Aim of the task = Return each line of the entries that holds the string "Image".

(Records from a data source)

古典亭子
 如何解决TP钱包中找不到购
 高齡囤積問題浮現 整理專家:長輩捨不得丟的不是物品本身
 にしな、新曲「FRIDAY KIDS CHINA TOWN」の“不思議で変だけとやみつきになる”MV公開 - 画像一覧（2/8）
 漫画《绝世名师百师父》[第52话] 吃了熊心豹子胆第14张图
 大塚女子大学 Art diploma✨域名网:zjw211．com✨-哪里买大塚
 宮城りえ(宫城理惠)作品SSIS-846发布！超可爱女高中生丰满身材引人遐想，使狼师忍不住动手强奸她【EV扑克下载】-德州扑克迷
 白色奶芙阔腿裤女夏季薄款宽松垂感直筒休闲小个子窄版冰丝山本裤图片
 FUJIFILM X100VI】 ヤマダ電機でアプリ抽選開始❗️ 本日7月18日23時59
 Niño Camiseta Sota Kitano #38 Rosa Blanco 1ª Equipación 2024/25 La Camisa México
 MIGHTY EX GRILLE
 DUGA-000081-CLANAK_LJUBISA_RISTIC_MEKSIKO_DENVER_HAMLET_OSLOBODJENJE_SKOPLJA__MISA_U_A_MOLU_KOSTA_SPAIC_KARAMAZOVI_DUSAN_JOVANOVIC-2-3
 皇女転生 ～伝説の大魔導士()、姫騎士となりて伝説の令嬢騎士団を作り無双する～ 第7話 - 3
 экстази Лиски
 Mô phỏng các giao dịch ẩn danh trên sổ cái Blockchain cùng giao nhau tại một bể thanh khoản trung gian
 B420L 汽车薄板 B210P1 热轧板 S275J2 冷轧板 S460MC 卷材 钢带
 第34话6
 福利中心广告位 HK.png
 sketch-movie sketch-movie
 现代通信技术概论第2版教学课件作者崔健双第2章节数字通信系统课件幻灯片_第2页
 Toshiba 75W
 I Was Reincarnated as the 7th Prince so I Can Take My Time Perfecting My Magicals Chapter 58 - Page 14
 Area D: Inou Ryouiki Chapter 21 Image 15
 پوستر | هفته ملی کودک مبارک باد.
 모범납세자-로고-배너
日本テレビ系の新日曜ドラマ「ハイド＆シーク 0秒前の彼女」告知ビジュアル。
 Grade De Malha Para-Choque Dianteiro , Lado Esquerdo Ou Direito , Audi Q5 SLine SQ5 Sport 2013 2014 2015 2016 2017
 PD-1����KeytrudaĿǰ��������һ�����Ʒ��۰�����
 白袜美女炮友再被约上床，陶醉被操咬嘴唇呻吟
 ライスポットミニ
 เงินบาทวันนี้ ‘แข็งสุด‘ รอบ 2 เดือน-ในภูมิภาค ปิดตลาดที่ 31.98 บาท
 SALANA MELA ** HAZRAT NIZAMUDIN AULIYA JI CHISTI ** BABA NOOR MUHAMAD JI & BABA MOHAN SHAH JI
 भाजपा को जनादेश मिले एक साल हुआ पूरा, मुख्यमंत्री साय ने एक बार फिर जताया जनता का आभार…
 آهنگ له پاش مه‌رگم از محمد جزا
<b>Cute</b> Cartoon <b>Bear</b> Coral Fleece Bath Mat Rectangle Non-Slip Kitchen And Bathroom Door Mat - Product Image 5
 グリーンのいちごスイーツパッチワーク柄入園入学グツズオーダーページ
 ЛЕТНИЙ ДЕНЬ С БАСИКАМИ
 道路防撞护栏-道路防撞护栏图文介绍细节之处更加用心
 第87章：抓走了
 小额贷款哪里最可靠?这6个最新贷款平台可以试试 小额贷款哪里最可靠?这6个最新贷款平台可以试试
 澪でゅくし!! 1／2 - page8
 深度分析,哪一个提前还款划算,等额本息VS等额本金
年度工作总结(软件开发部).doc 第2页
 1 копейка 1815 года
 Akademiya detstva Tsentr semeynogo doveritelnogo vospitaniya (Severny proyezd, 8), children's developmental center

Written answer =
 Area D: Inou Ryouiki Chapter 21 Image 15
<b>Cute</b> Cartoon <b>Bear</b> Coral Fleece Bath Mat Rectangle Non-Slip Kitchen And Bathroom Door Mat - Product Image 5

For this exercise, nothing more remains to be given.